Tuesday, December 28, 2010

TWD: Chocolate Chunkers

I had every intention of sliding through the rest of the year without blogging. Not because I don't love to post over here in my little corner of the blogosphere, I do, but because of the glut of holiday food (sweets especially) in my house. In addition to the sweets galore, time seems to be an even more precious commodity than usual these days, and I just thought that I'd pick up again in January. Then I found myself with some time today, and TWD seemed feasible. My first thought was to make the cardamom crumb cake that Jill chose last week. I'm still irritated that I missed that post. Rewinding one week after the fact smacks of cheating to me, so I tossed out that idea. I started flipping through Baking and I remembered that these cookies were the second runner up to my November rewind, chocolate is always a good choice for me, and I had all of the ingredients on hand. There you have it, my rewind for this last Tuesday of 2010 is Chocolate Chunkers.

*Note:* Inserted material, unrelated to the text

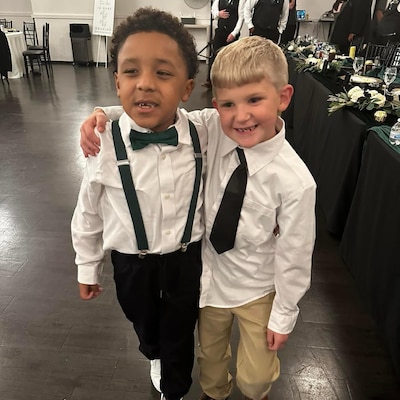 Taupe Brown Bow Tie , Kids Boys Baby Toddler Ring Bearer Cake Smash ...
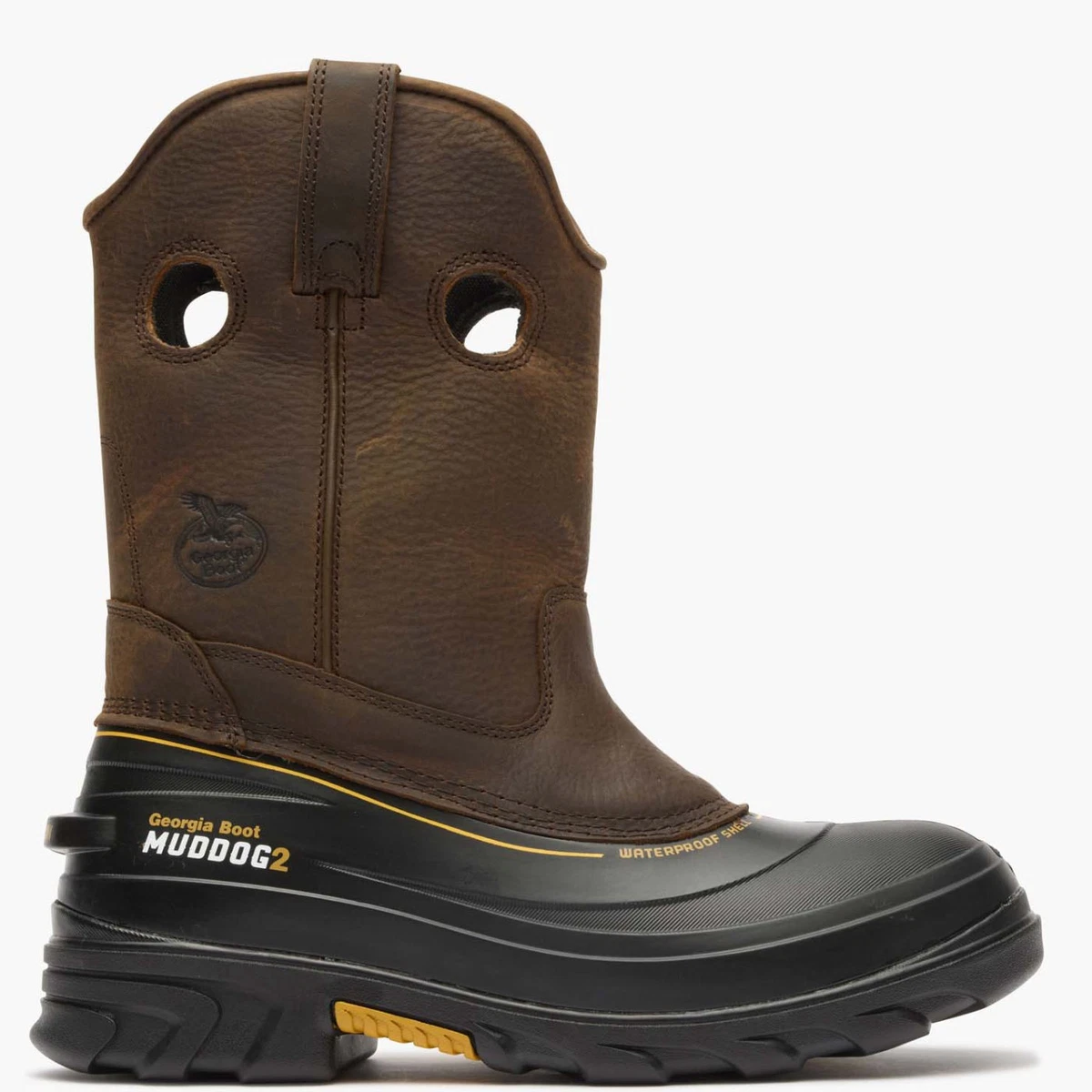 Georgia Boot Men's G7014 Mid Calf Work Boot – SPR Leather, Steel Shank, Cushioned Insole, Goodyear Welt, PU Outsole - View #2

I thought these cookies were fairly simple to get together, though there are some extra steps and dishes along the way. You have to beat the watoozie out of the eggs and sugar, and you also have to melt the chocolate and butter together. Meh. A few extra steps but really it's not a big deal. The only other sort of persnickity aspect of this recipe is the whole "one cookie sheet in the oven at a time" rule. Still, when it's all said and done, I think these little extra steps are worth it because these cookies are delicious. They're right up there with chocolate whopper drops for me (that means I liked them a whole, whole lot).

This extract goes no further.